A informação foi divulgada inicialmente pela colunista Monica Bergamo, do jornal Folha de S. Paulo, e confirmada pelo Estadão. Lula teria confirmado que não irá avalizar as benesses que aumentam os salários acima do teto constitucional, hoje em R$ 46,3 mil, a lideranças do PT, durante evento de 46 anos da sigla, no último fim de semana, em Salvador.
Além de conceder aproximadamente 9% de reajuste linear para os servidores do Legislativo, a medida cria gratificações de desempenho que podem dobrar os salários.
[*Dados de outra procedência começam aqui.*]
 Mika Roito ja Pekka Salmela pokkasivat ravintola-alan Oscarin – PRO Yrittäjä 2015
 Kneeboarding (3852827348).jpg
O pacote de bondades vem sendo chamado nas redes sociais de “trem da alegria” e o governo identificou que enfrenta ampla rejeição da sociedade.
Flávio Dino freia o pagamento de “penduricalhos”
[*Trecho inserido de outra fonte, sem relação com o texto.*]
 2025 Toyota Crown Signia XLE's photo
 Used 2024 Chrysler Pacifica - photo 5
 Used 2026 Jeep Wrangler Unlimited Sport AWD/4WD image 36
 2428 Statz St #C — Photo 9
Em um movimento paralelo, o ministro Flávio Dino, do Supremo Tribunal Federal (STF), suspendeu o pagamento de “penduricalhos” não previstos em lei a servidores federais dos Três Poderes. Na decisão, Dino estabeleceu prazo de 60 dias para a revisão das verbas indenizatórias, sem base legal e que engordam as remunerações no funcionalismo público.
A proposta aprovada no Congresso também prevê um dia de folga a cada três trabalhados em períodos como feriados e finais de semana. O servidor poderá, no entanto, receber um valor equivalente em dinheiro, a título de indenização, sem pagar Imposto de Renda. Essa quantia poderá ultrapassar o teto.
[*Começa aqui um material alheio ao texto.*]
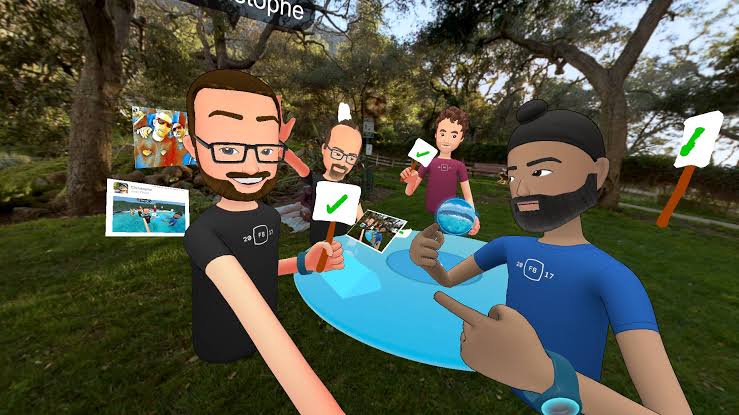 Socializing in virtual reality spaces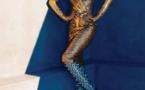 Rihanna fait la Une du magazine Harper's Bazaar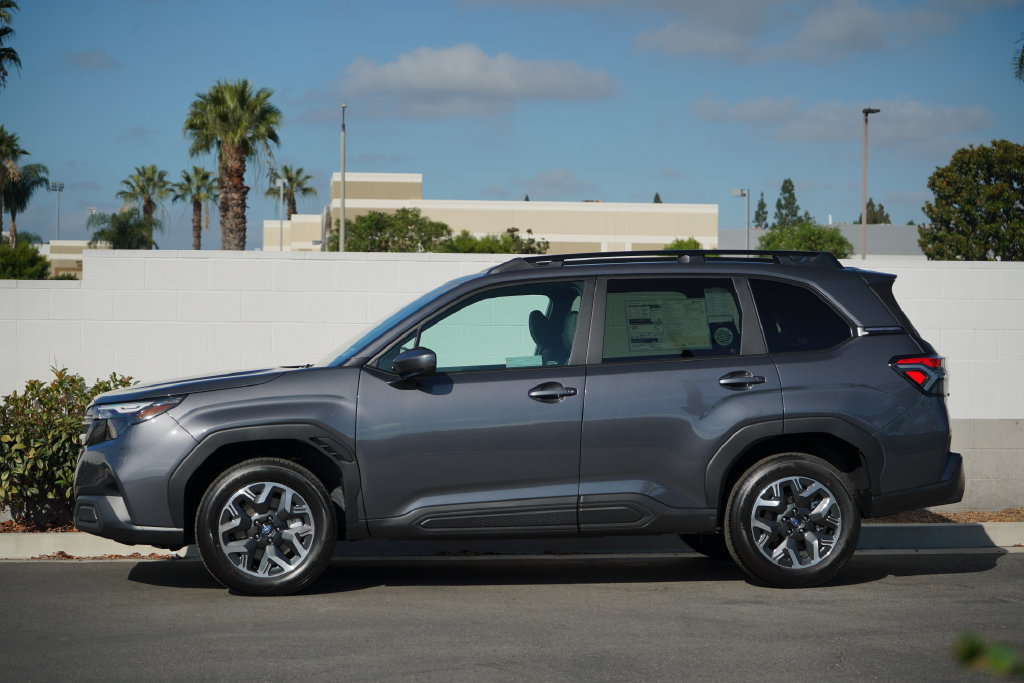 New 2026 Subaru Forester Premium AWD/4WD image 3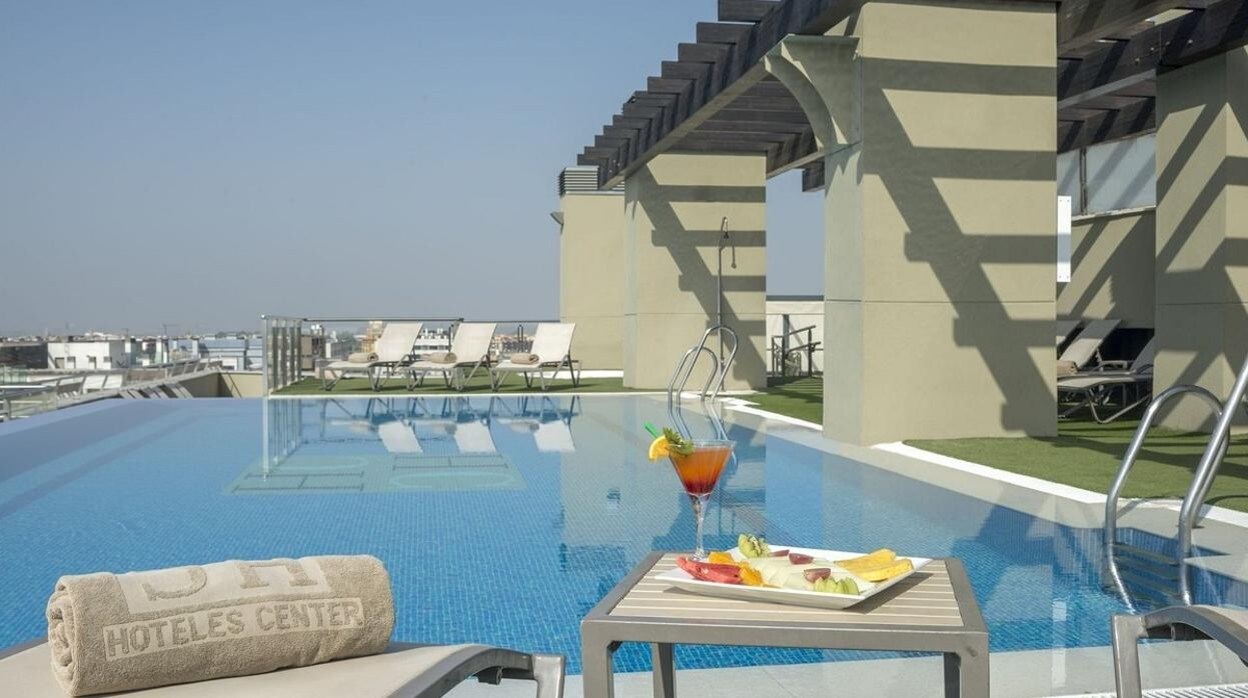 El Hotel Córdoba Center es uno de los que disponen de piscina exterior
Um forma de Lula negar o projeto sem engavetá-lo, minimizando um eventual desgaste com o Congresso, seria devolver o texto à Câmara justificando a medida pela suspensão imposta por Flávio Dino.
Lula tem até o próximo dia 22 para aprovar ou vetar os “penduricalhos”. Caso o Projeto de Lei 179/2026 seja sansionado, os supersalários deverão provocar um impacto de quase R$ 800 milhões nas contas públicas.
A ministra da Secretaria de Relações Institucionais, Gleisi Hoffmann, afirma não ter participado de negociações sobre esse assunto no Congresso. Questionada pelo Estadão nesta segunda-feira (9), Gleisi afirmou que ainda não conversou com Lula sobre o possível veto, mesmo porque os projetos ainda não chegaram ao Palácio do Planalto.